O ouro no eixo Hong Kong - Macau: entrevista

O comércio do ouro chegou a Macau em força em 1946, depois da quebra do negócio do ópio. Mas seria o jogo, em 1962, o grande responsável pelo boom económico. Aníbal Borges e Vasco Marques, autores de “O eixo do ouro Hong Kong-Macau (1946-1973)”, livro publicado pelo Instituto Português do Oriente, revelam pormenores deste período ao Hoje Macau.
Como é que o Estado Novo lidava com o comércio do ouro em Macau e que benefícios chegaram aos portugueses?
O Governo português, pela Administração de Macau, legislou em conformidade com os interesses de Macau. Em termos genéricos e materiais, pode dizer-se que aos portugueses de Portugal nenhuns benefícios chegaram. Como se escrevia na ‘insuspeita’ Far Eastern Economic Review, em 1 de Março de 1962, Macau não foi a ‘árvore das patacas de Lisboa’.
Aos portugueses de Macau, inicialmente, poucos benefícios chegaram. Porém, com o andar do tempo, foram chegando alguns benefícios à população em geral, mas não tantos quanto seria desejável. Não foi com o Ouro, mas sim com o Jogo, a partir de 1962, e com o acordo de Gongbei, a partir de 1967, que foram criadas as condições económicas e políticas para o take off de Macau.
Quem eram os principais países beneficiados com as trocas comerciais do ouro, e como era feito esse processo?
Entre 1953 e 1973 praticamente todo o ouro que chega a Macau vinha de Inglaterra e passava pelo aeroporto Kai Tak, em Hong Kong.
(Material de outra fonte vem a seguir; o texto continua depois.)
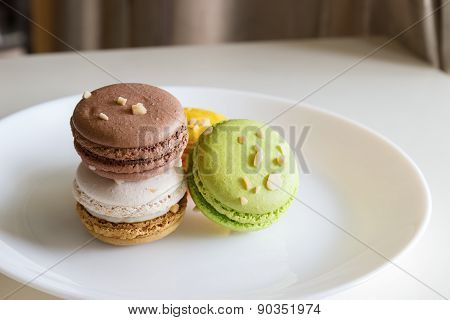 Orange, White, Brown Green Magaroon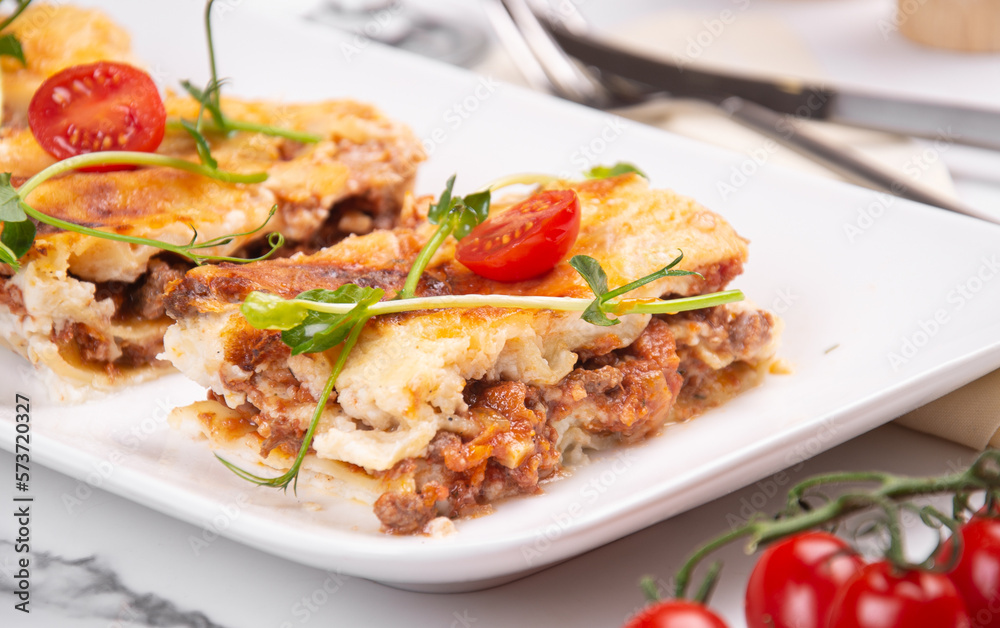 Lasagna cut into portions served on a white dish Lasagna cut into portions served on a white dish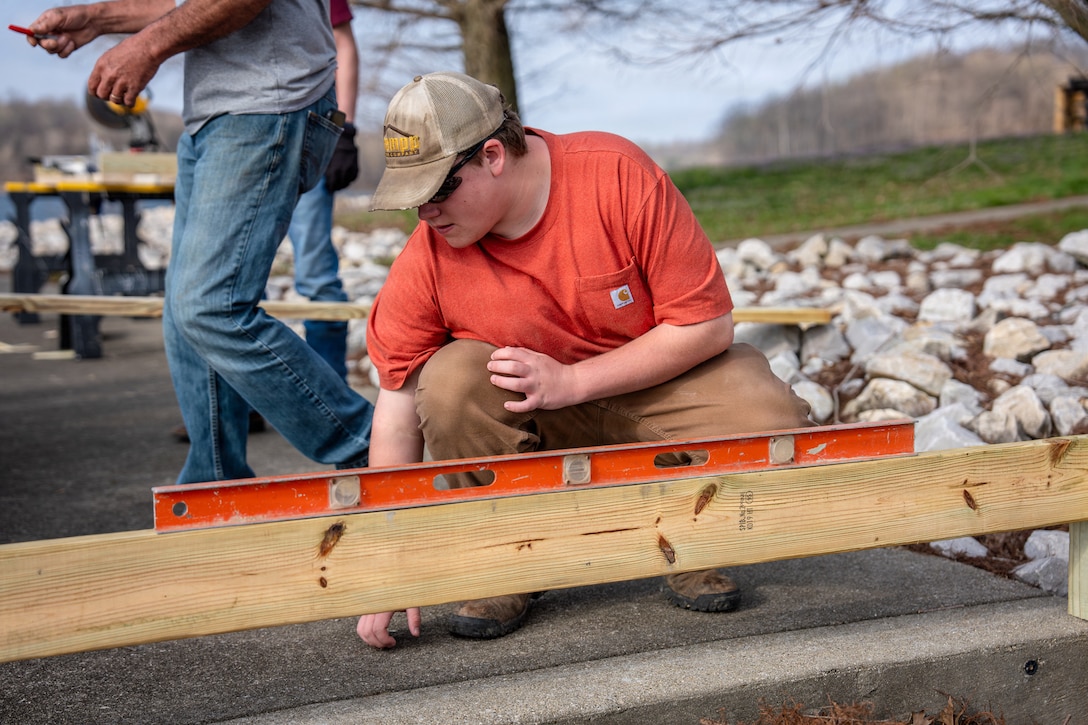 Students from the Northeast Dubois High School Building and Trades class reconstruct a wooden fence and railing at a scenic overlook, March 31, 2026 at Patoka Lake in Dubois, Indiana. The class coordinated with the U.S. Army Corps of Engineers, Louisville District and lake staff to replace the aging infrastructure. The project provides students with hands-on construction experience while fostering community ownership.
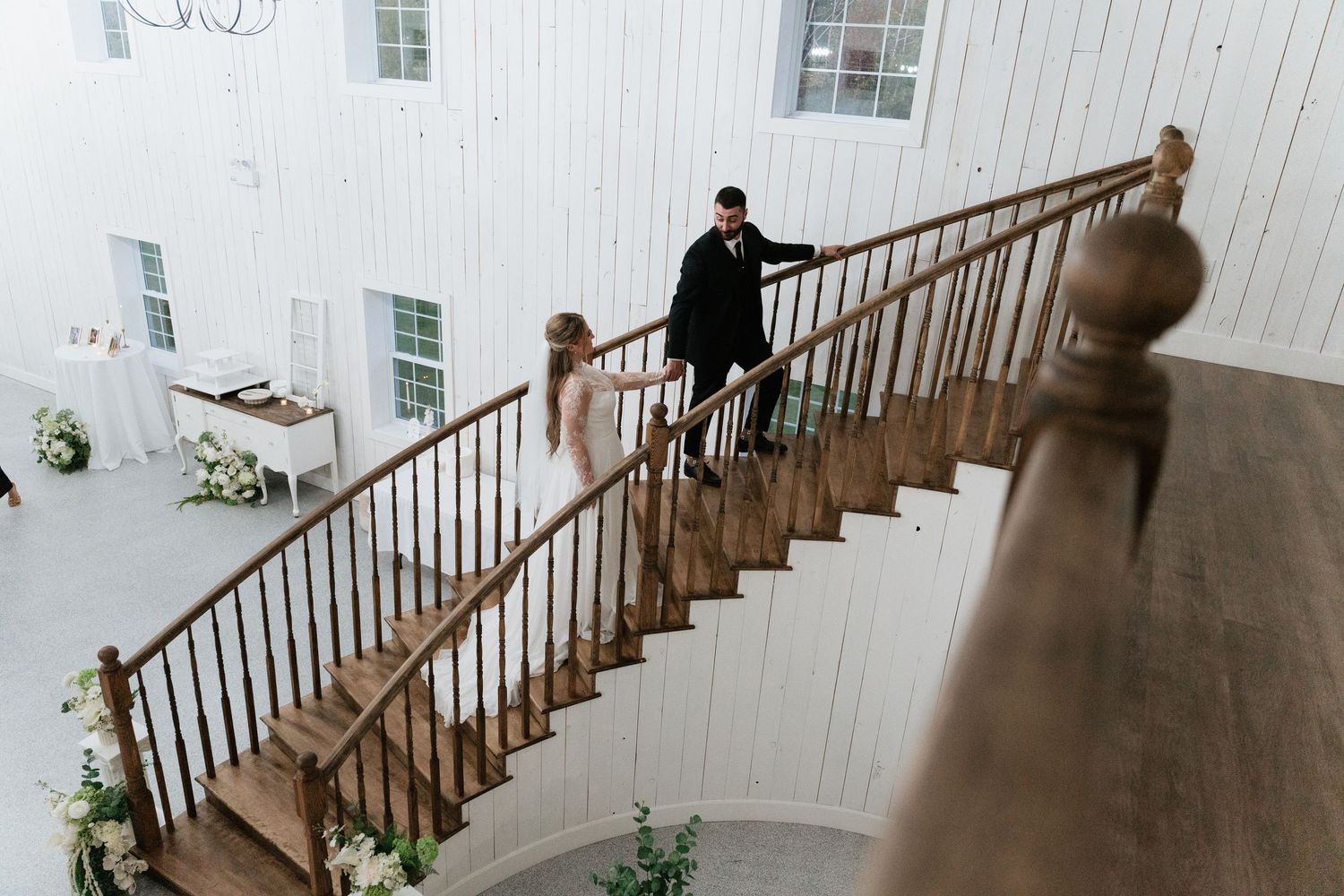 Bride and groom descend elegant wooden staircase in white barn wedding venue adorned with floral arrangements.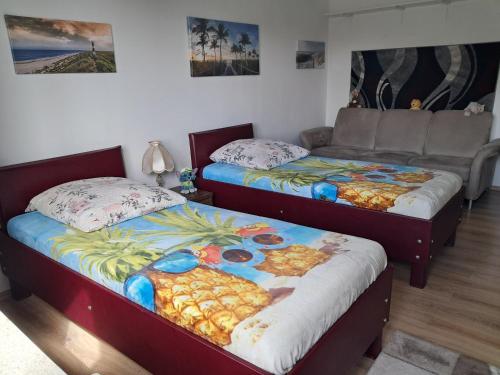 two beds in a room with a couch at Ferienwohnung Michelle in Bremerhaven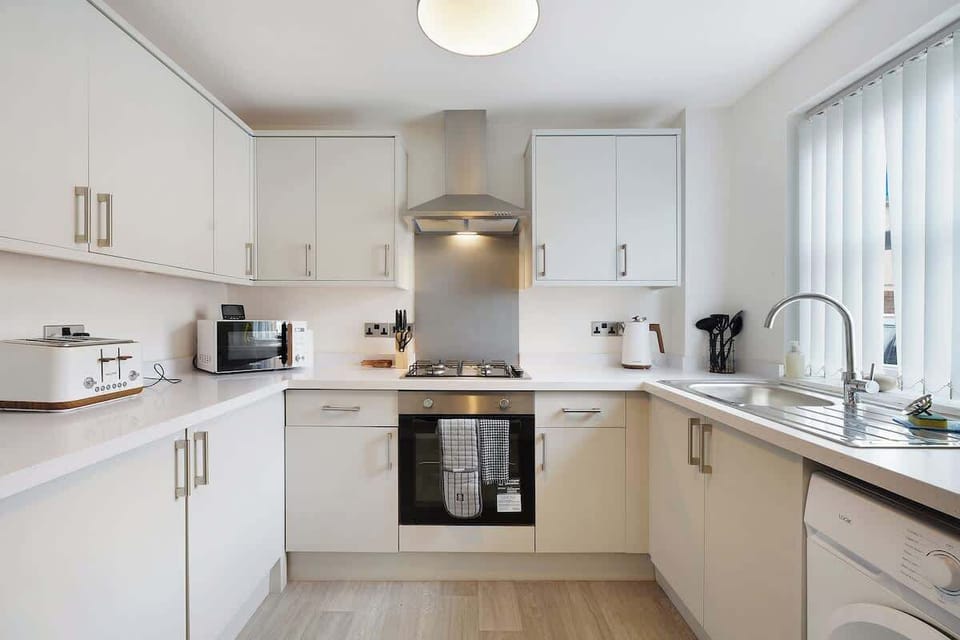 Kitchen equipped with all essentials, including a washer, gas hob, oven, fridge, microwave, kettle, toaster, and full cookware set.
A Mount Trading Co., Ltd., da Jardine Matheson & Co. e Samuel Montagu & Co., a Commercial Investment Co., Ltd., uma subsidiária da Wheelock Marden e a Premex Co., Ltd., com accionistas suíços e panamianos, são as principais firmas consignadoras em Hong Kong. Antes, entre 1946 e 1953, chegava ouro a Macau vindo da costa ocidental dos Estados Unidos, via Manila. Os interesses franceses, movimentam-se pelo Banque de l’Indochine, pelo Banque Nationale pour le Commerce et l’ Industrie e pelo bem conhecido despachante Denis Fréres d’ Indochine, com base em Saigão. Não é simples seguir os movimentos, bem sinuosos, do ouro (o segredo a isso obrigava e o ‘ouro não deixa cheiro’!), mas lá fomos descortinando, ao longo dos últimos anos, alguns desses movimentos. Pensamos ter traçado um quadro correcto do que se passou.
Quais as principais diferenças entre os diversos monopólios que passaram por Macau: o ópio, o ouro e o jogo?
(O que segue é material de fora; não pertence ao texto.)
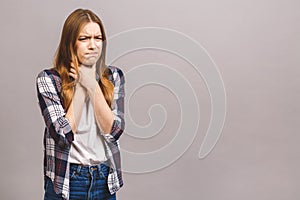 Closeup portrait of cute sick young blonde woman in casual having sore throat, holding hand on her neck/Throat pain, painful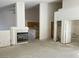 Open-concept living room featuring a fireplace, high ceilings, and seamless flow to the kitchen space at 3761 Tohono Canyon St, Las Vegas, NV 89147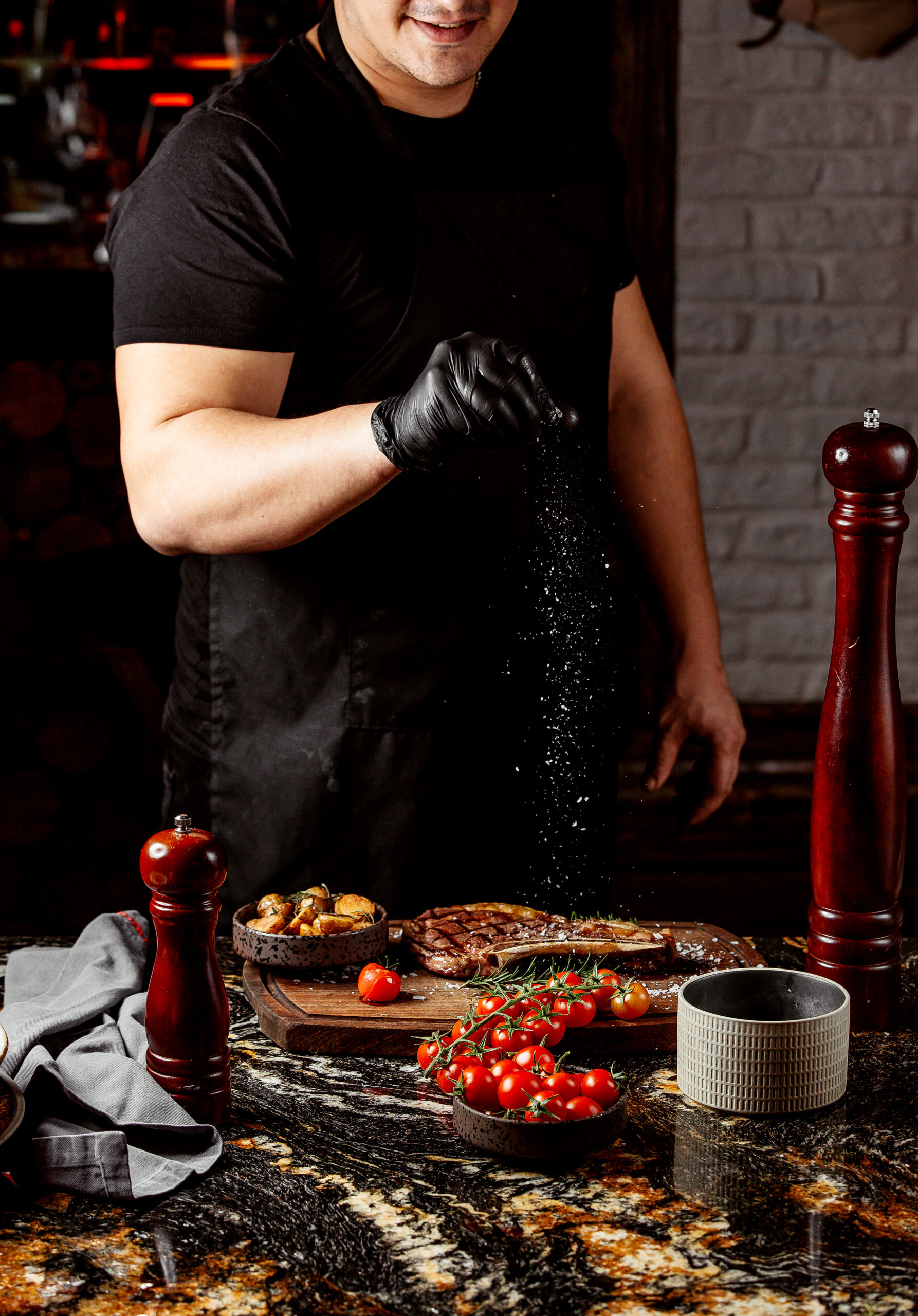 Chalet chef seasoning a steak during high-end food preparation
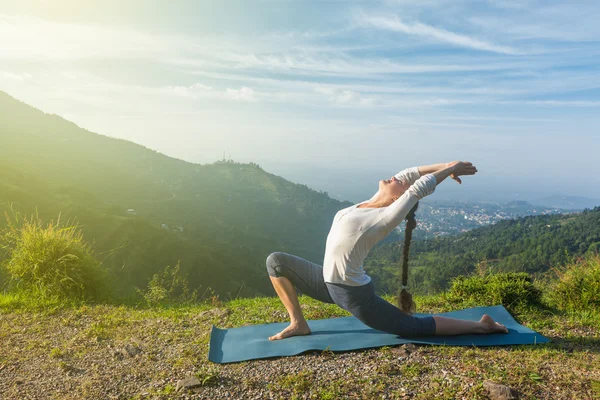 Vrouw doet yoga asana Anjaneyasana in Bergen — Stockfoto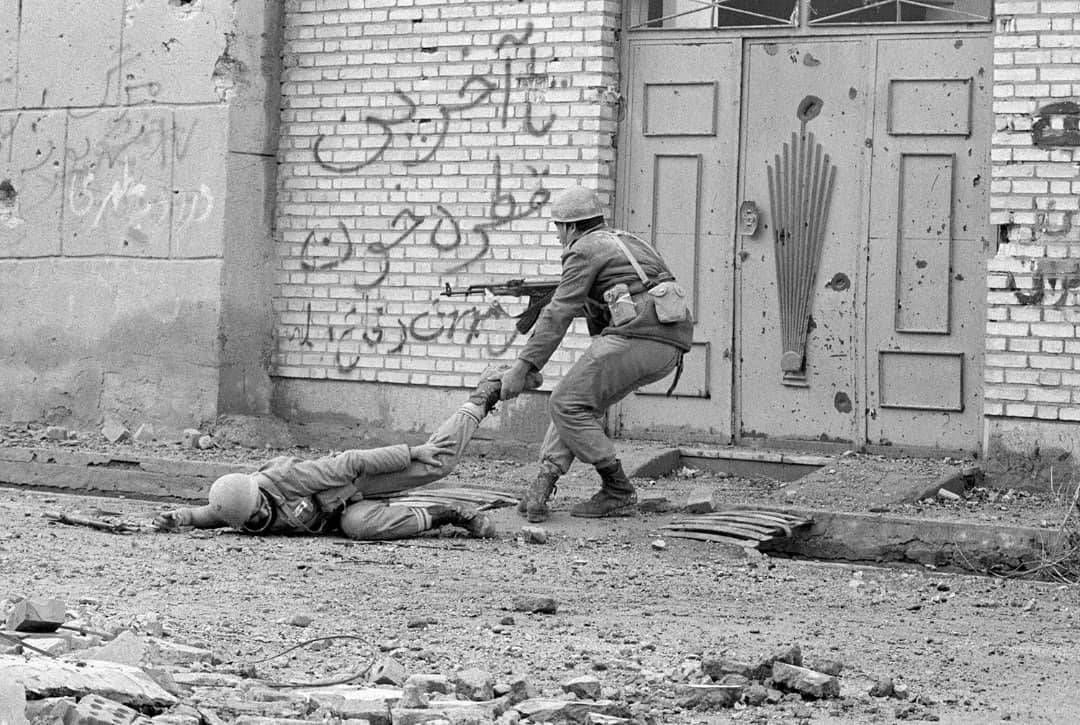 An Iraqi soldier drags a wounded comrade through a rubble-strewn street in Khorramshahr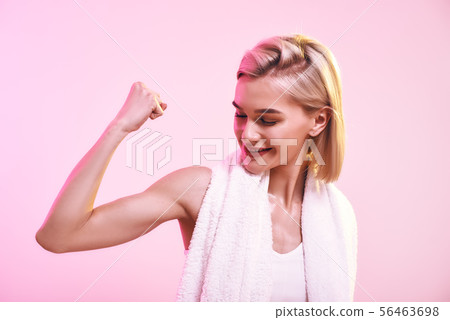 You are stronger than you think Attractive young sporty woman showing her bicep and smiling while You are stronger than you think Attractive young sporty woman showing her bicep and smiling while 56463698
São negócios de diferente natureza. Contudo, em determinado tempo, parece que algum ouro terá financiado algum ópio (ou terá sido o contrário?). Philippe Pons escreveu, com alguma ironia, que “Macau passou de um centro nevrálgico do tráfico de ópio para um do ouro com a mesma pessoa como maestro”. O jogo, financiou, com certeza, o ouro. Digamos que, em determinadas épocas, terá havido mais simultaneidade do que causa-efeito.
Qual foi o papel da STDM e, em especial, de Stanley Ho, nesta área?
Stanley Ho não teve ligações directas ao ouro, tanto quanto julgamos saber. Porém, o Banco Seng Heng teve fortes ligações ao ouro.
O comércio do ouro passou por várias fases. Qual foi a mais marcante?
A mais interessante, do nosso ponto de vista, a despertar mais curiosidades e a exigir mais estudos, é a segunda fase, entre Maio 1947 e Outubro de 1953, dado que os aviões da Matco e da Cathay andavam num verdadeiro corrupio entre várias cidades da região.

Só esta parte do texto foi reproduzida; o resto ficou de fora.